[Work item] Everything in the data should be repeated exactly, save for the images.

[Raw data]

---

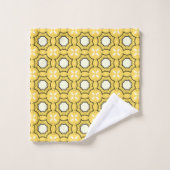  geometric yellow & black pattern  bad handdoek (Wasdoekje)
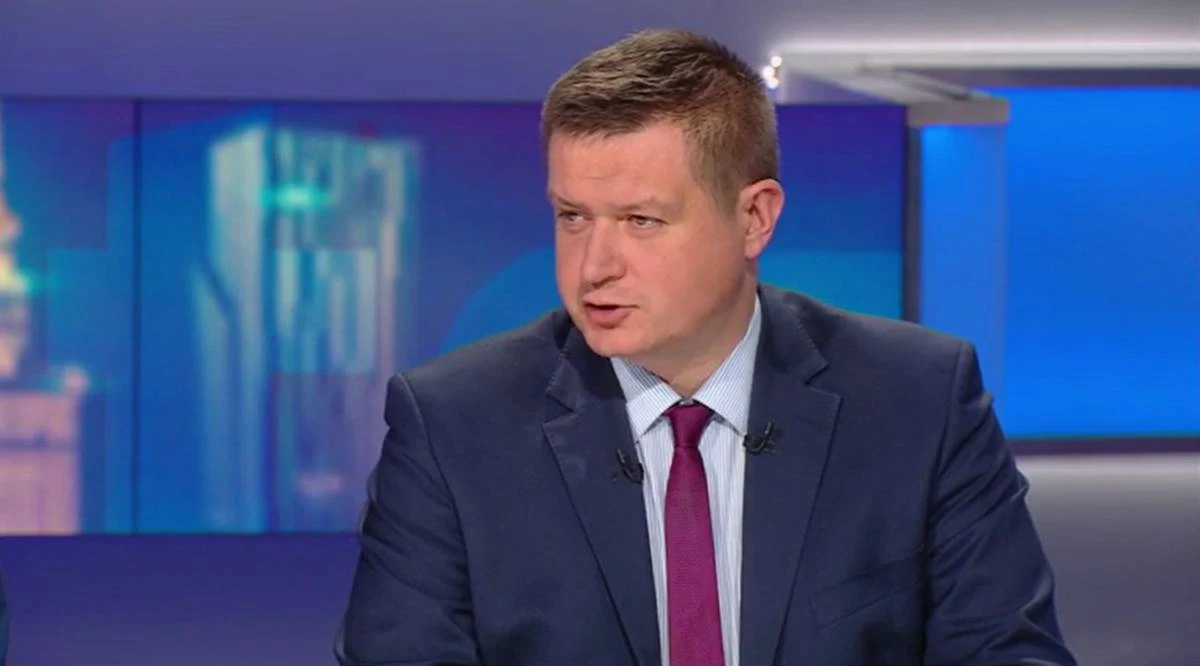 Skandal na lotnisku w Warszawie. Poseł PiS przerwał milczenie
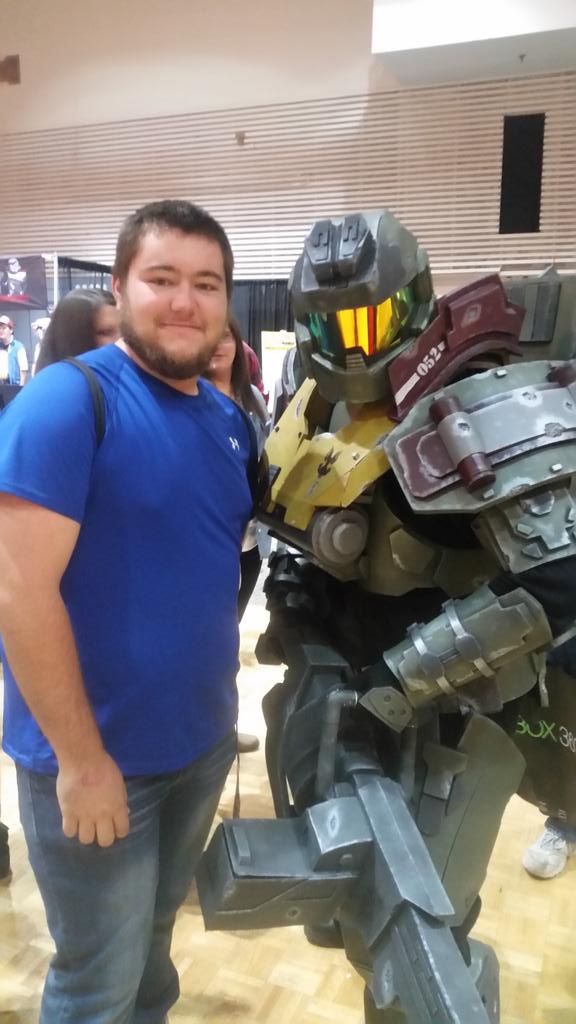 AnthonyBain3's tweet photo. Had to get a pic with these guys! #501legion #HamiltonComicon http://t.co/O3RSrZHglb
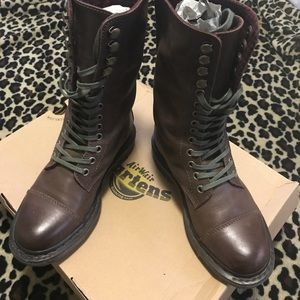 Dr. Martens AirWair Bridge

---

[Response]
  geometric yellow & black pattern  bad handdoek (Wasdoekje)
 Skandal na lotnisku w Warszawie. Poseł PiS przerwał milczenie
 AnthonyBain3's tweet photo. Had to get a pic with these guys! #501legion #HamiltonComicon http://t.co/O3RSrZHglb
 Dr. Martens AirWair Bridge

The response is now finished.